The emergency recovery programme in the Labour manifesto promises to allow BR “to pro­ceed with a leasing scheme of 188 new Networker trains on the North Kent line”, which it de­scribes as “the first step in securing private in­vestment to help modernise Britain’s railways”.
Prescott says that the next steps after that will almost choose themselves.

“Take the inter-city line on the west coast from Euston. That’ll cost about £800 million to up­grade. We’ve already been in consultation with finance houses and the manufacturers to look at a new leasing deal so that we can pay for it over 10 to 15 years. That means that we wouldn’t have to find so much money immediately but we’d get the benefit of the investment.

“It’s the same with the Channel Tunnel rail link, which will cost £4,000 million. We need a high-speed Channel Tunnel rail link by the end of this decade. The Tories would take until the end of the next decade. So we’re talking about a joint public-private operation that may be funded by a bond system like that used by French rail­ways, which Neil Kinnock has talked about.”

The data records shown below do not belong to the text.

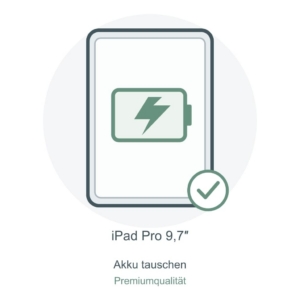 Reparaturillustration zum Akkutausch am iPad Pro 9.7 2016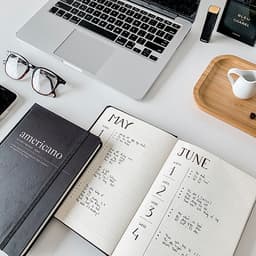 Sổ tay Crabit Notebuck Coffeeine - Espresso ruột  Dotgrid 180 trang (14.5 x 20.8 cm) 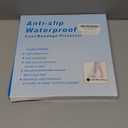 Waterproof Extra Wide Leg Cast Cover for Shower Adults, Extra Large Half Leg Shower Cover with Non-Slip Bottom, Watertight Foot Protector for Plus Size Adults Surgery Shower Boot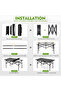 Folding Camping Table – Lightweight Aluminum Roll Up Picnic Table with Carry Bag 53×55×49cm - 2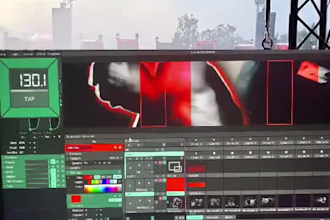 create high energy festival led visuals for your main stage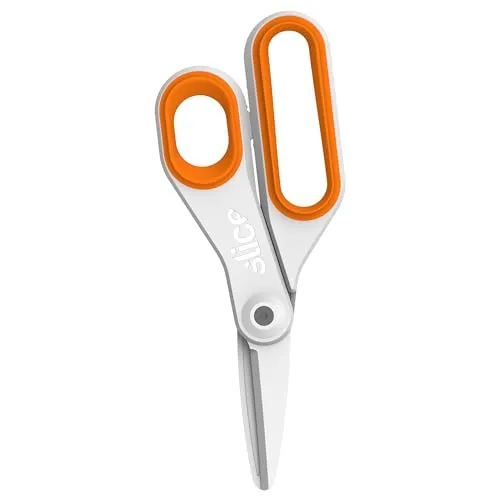 Slice 10545 Universalschere für Links- und Rechtshänder, 198mm - Vielseitige Schere für präzise Schnitte, mit langlebigen keramischen Klingen und sicherem Design, ideal für Bastelarbeiten und Elektronik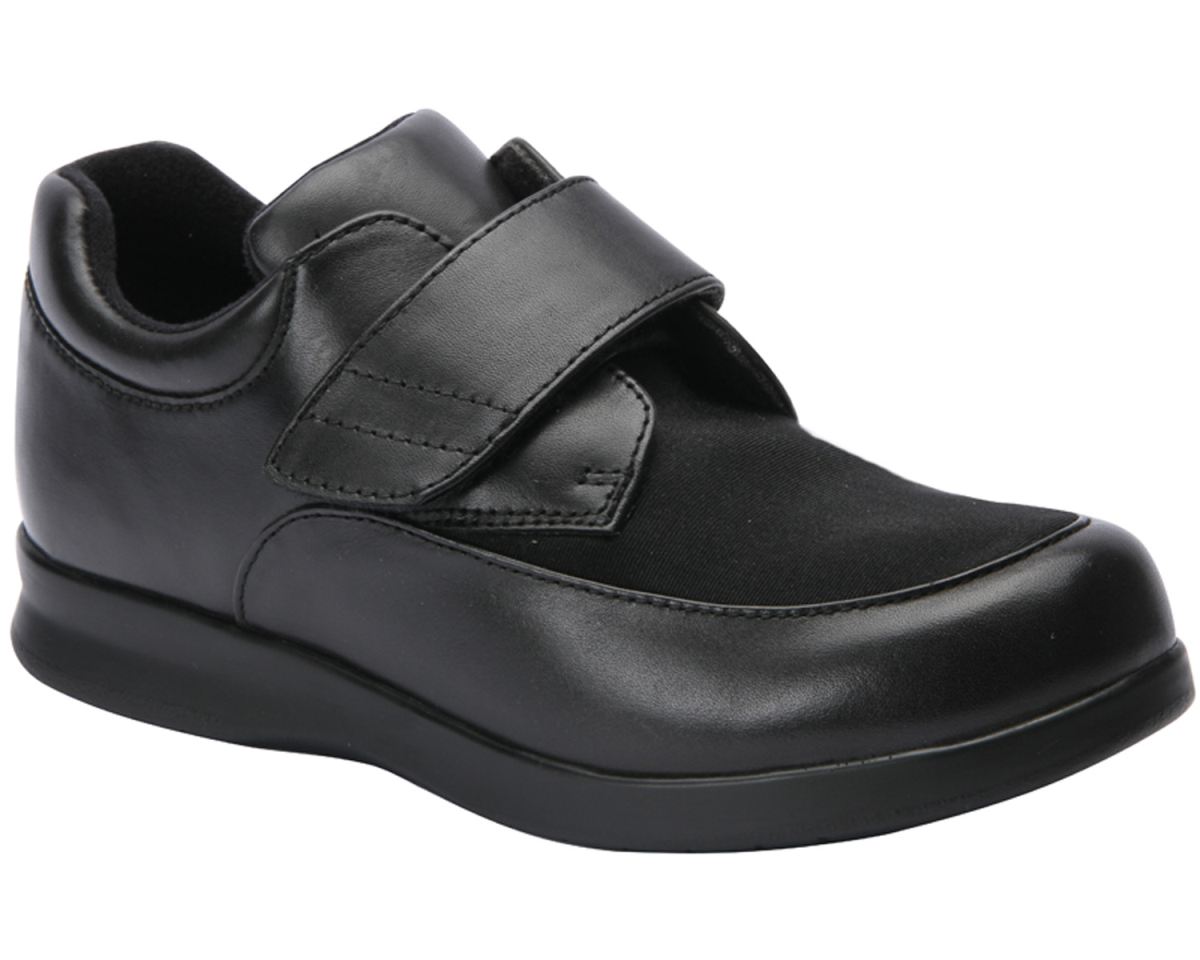 DREW SHOES | WOMEN'S QUEST-Black Leather / Black Stretch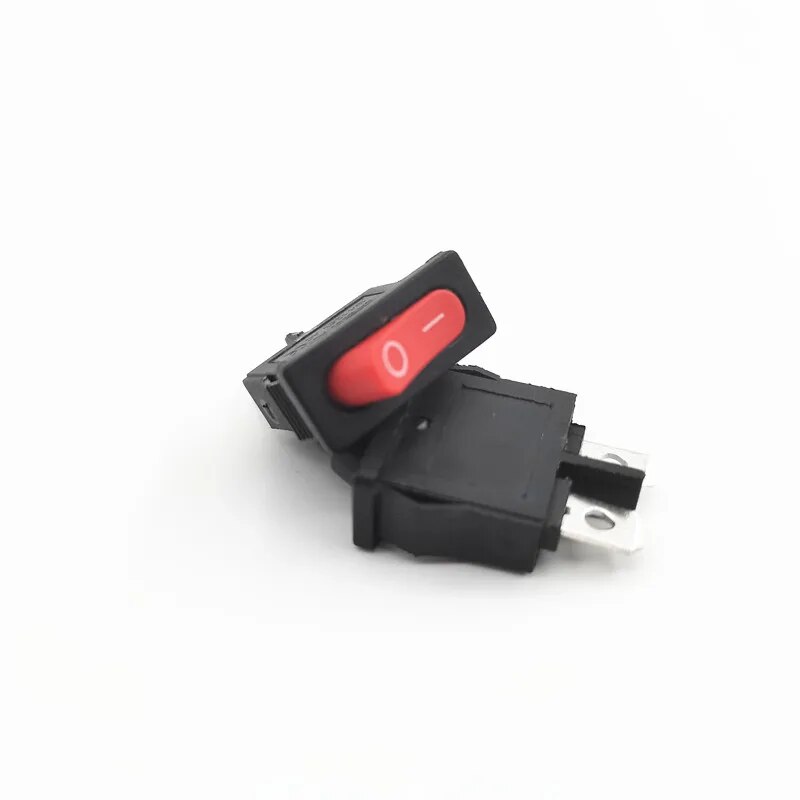

5 шт. KCD1-110 10x22 мм черный супер тонкий Кулисный Переключатель NO/OFF 2 Pin Малый инструмент Мощность переключатель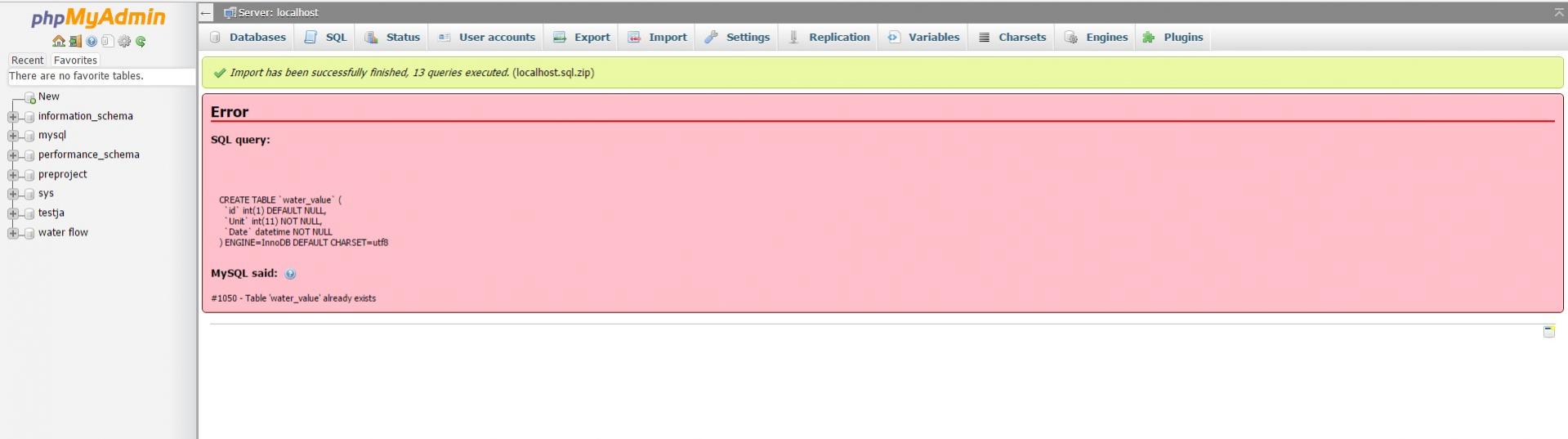import error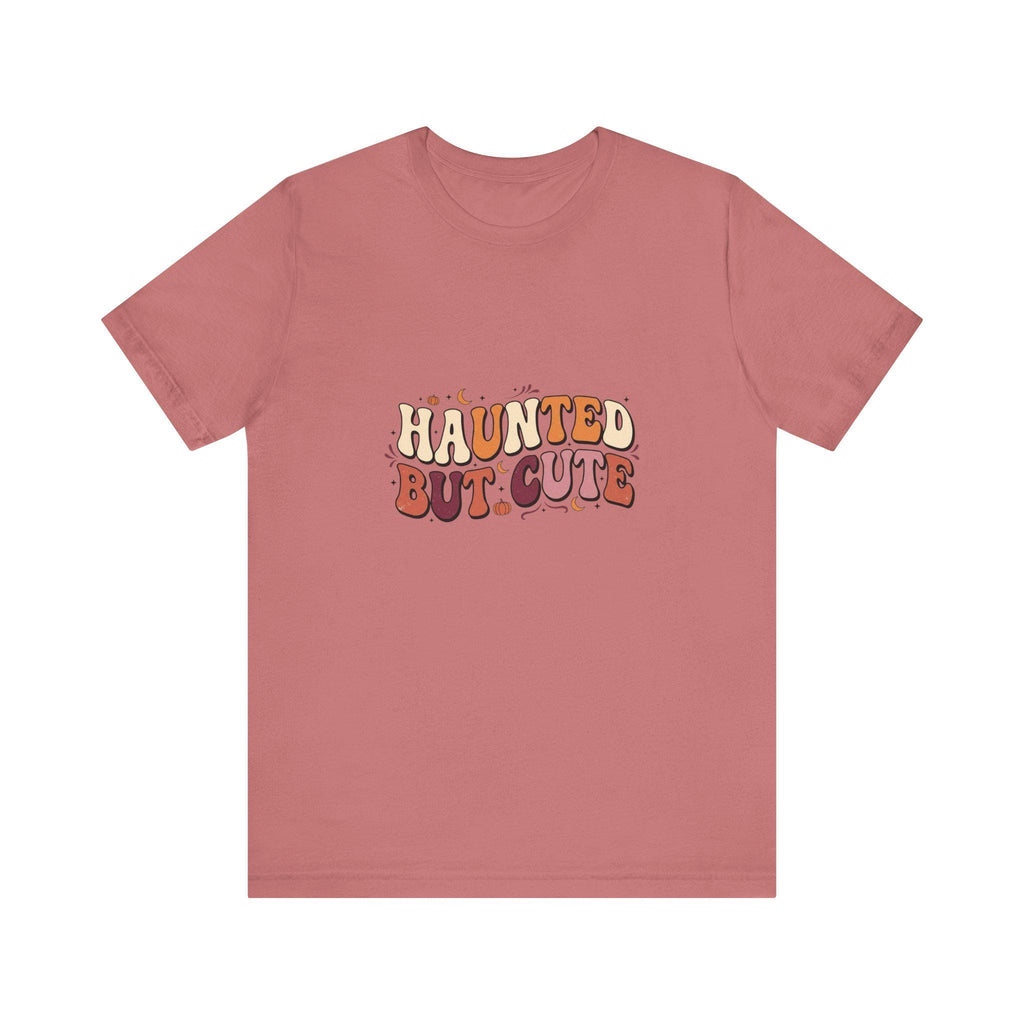 Haunted But Cute T-Shirt | Halloween Ghost Typography
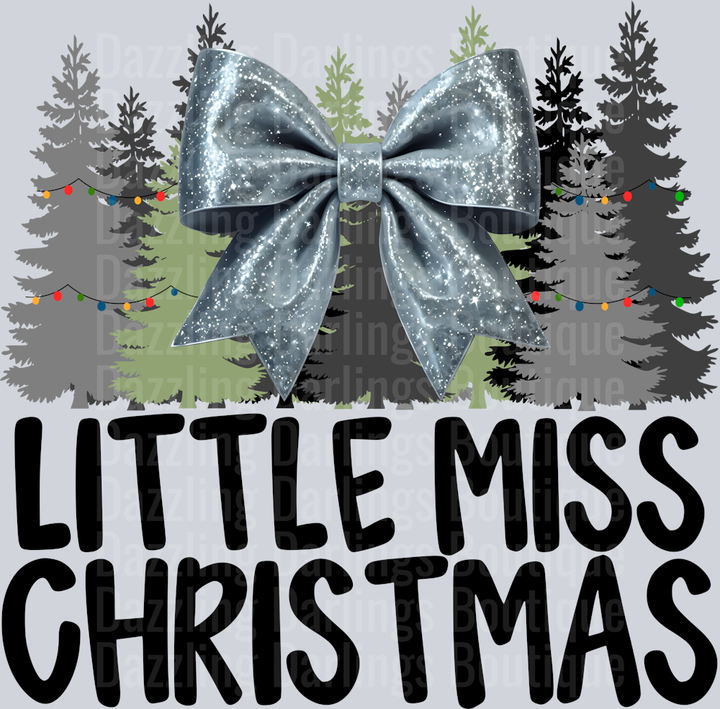 SILVER BOW LITTLE MISS CHRISTMAS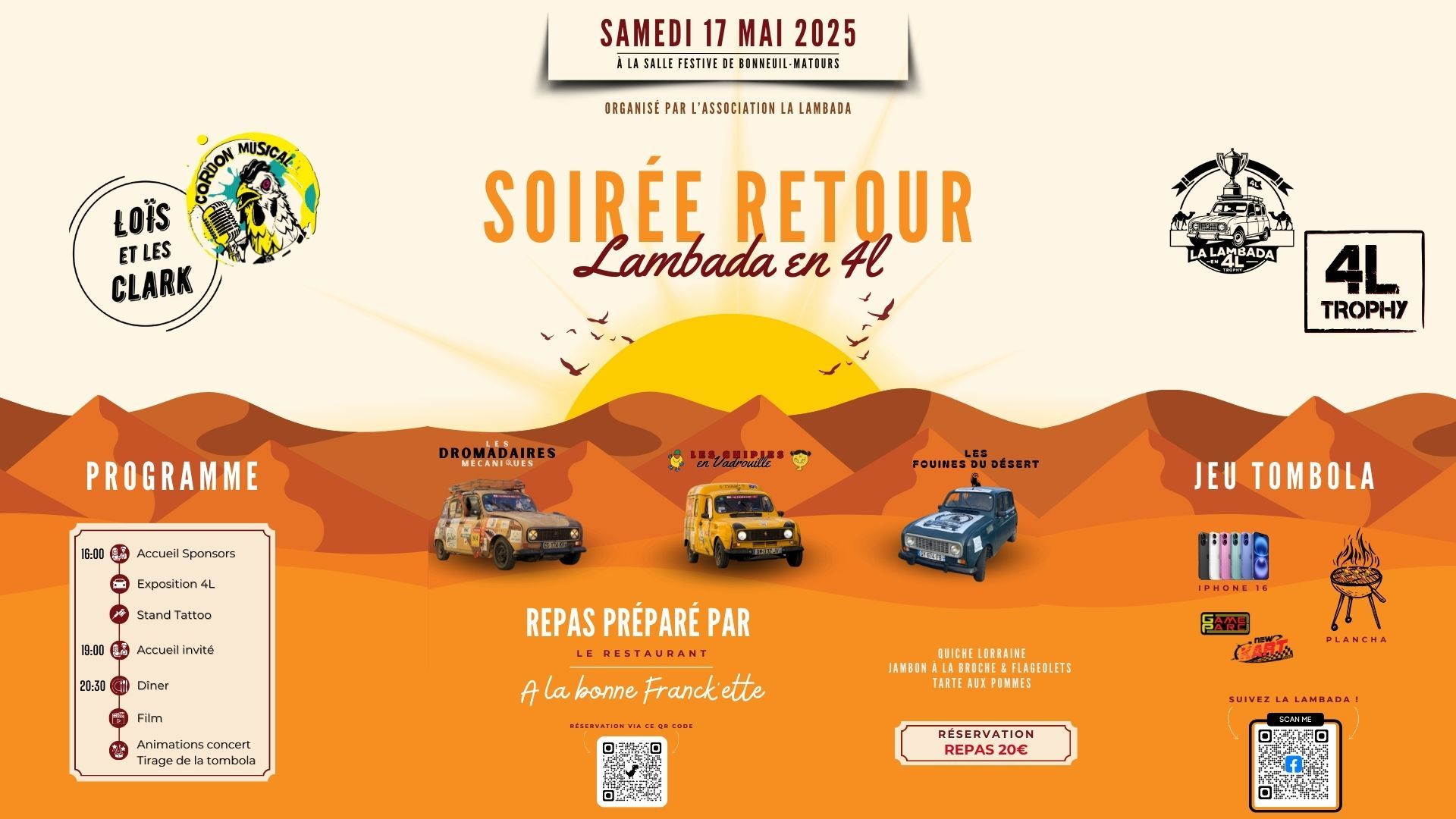 Soirée Retour du 4L Trophy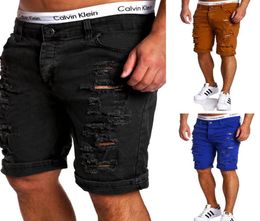 Acacia Person New Fashion Mens Ripped Short Jeans Brand Clothing Bermuda Summer Shorts Breathable Denim Shorts Male4213282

In the longer term, Labour is keen to see more electrification, a nation-wide high­-speed train network, an outer circle railway for London, major expansions in regional rail services and a whole lot more besides - but only “as resources allow”, and the detail on most of these proposals has yet to be worked out.
With buses, the key to Labour’s plans is to end the instability caused by deregulation and to in­troduce a series of measures to give buses priori­ty on urban streets. The 1985 Transport Act, which privatised the National Bus Company, forced local authority bus services to become or­dinary companies and to open themselves up to competition from other operators.

Prescott says that the result of deregulation has been underinvestment and chaos. “Return­ing to a regulated system gives you the stability that will allow the bus companies to raise the money themselves to finance new investment,” he says. “It doesn’t cost us anything.”

“In urban areas, the buses could do a lot more in attracting passengers if we gave them green priority routes. We give the bus priority on the road, priority at the roundabouts and reduce the journey time. By reducing the journey time we can increase the frequency of the bus and its reli­ability, and the ridership will begin to increase. We’ll not then need to pump money into revenue support for the urban areas.”

Labour would do all it could to encourage ex­periments in urban public transport. Prescott talks enthusiastically of trying out road-pricing in Cambridge, with the revenues going to public transport, of metros in Manchester and Birming­ham, of an integrated rail and guided bus scheme for the Southampton conurbation. “We’re interested in the network,” says Prescott. “We believe in maintaining the network.”

In line with this, he is opposed to Richard Branson’s attempts to muscle in on British Air­ways’ position as the only significant British air­line. “We need a large British aviation interest to combat the Americans in global competition,” he says: allowing Branson’s Virgin Airways to un­dermine the profitability of BA by running flights to America but not on BA’s unprofitable routes “raises questions of major importance.

“Branson rang me up on a earphone and said did I agree with him going from Heathrow and I said no I didn’t,” he says. Heathrow itself is al­ready too congested and then there is the prob­lem of easing congestion on the transport system that gets people to the airport. “I told Branson, there’s nothing wrong with Gatwick.

“What our transport policy is about is simple. The market solution is not an adequate one. You know, it’s only in Britain that this is an ideologi­cal party argument. Everywhere else in Europe, it doesn’t matter who’s in power, they accept all these arguments for a role for government, for planning, for use of public money. We in Britain are on our own. That’s why we’re in such a mess.”